Une résidente de Banias a confirmé au Monde avoir aperçu « une grande lueur rouge, lointaine, suivie d’une forte détonation. Cela venait de l’extérieur de la ville ». Au moins trois fortes déflagrations ont secoué la ville de Lattaquié, d’après des images diffusées sur les réseaux sociaux.

Paris dément toute implication

Vers 23 heures, l’avion de surveillance électronique de type Il-20 a disparu à 35 kilomètres des côtes syriennes, alors qu’il revenait à la base aérienne de Hmeimim, a précisé le ministère de la défense à Moscou. Au même moment, alors que quatre F-16 israéliens effectuaient leur raid sur Lattaquié, les radars russes auraient enregistré des frappes déclenchées par la frégate française Auvergne contre des installations militaires syriennes, prétend Moscou.

Avant la confirmation par Moscou de l’erreur de la défense anti-aérienne syrienne, Paris a démenti catégoriquement sa participation à une telle opération. « Nous démentons toute implication », a dit le colonel Patrik Steiger, porte-parole de l’état-major. Un représentant du Pentagone avait fait de même un peu plus tôt, au micro de Voice of America : « Je peux dire sans équivoque que ce n’est pas nous. »

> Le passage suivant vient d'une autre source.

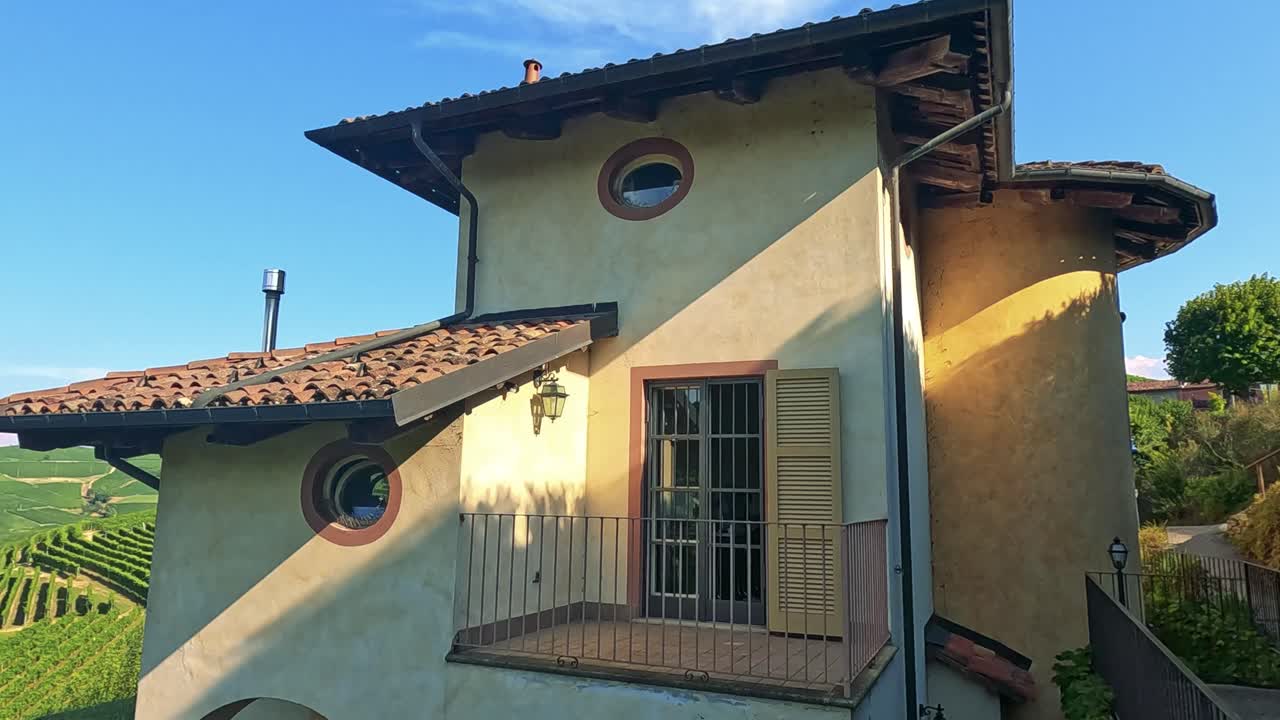 이탈리아 쿠네오의 아름다운 포도원 풍경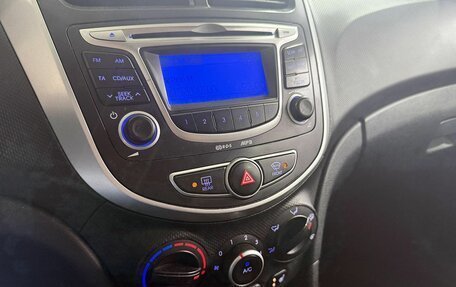 Hyundai Solaris II рестайлинг, 2013 год, 739 000 рублей, 12 фотография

La France s’est dite prête récemment à utiliser de nouveau la force militaire en Syrie, mais uniquement en cas d’usage d’armes chimiques dans une offensive de l’armée syrienne et de ses alliés contre Idlib. Paris avait participé à des frappes aériennes en avril, aux côtés du Royaume-Uni et des Etats-Unis, pour un tel motif. Dans un communiqué commun publié le 21 août, à l’occasion du cinquième anniversaire de l’attaque sanglante à l’arme chimique à la Ghouta, les trois pays s’étaient dits « résolus à agir si le régime de Bachar Al-Assad a de nouveau recours aux armes chimiques ».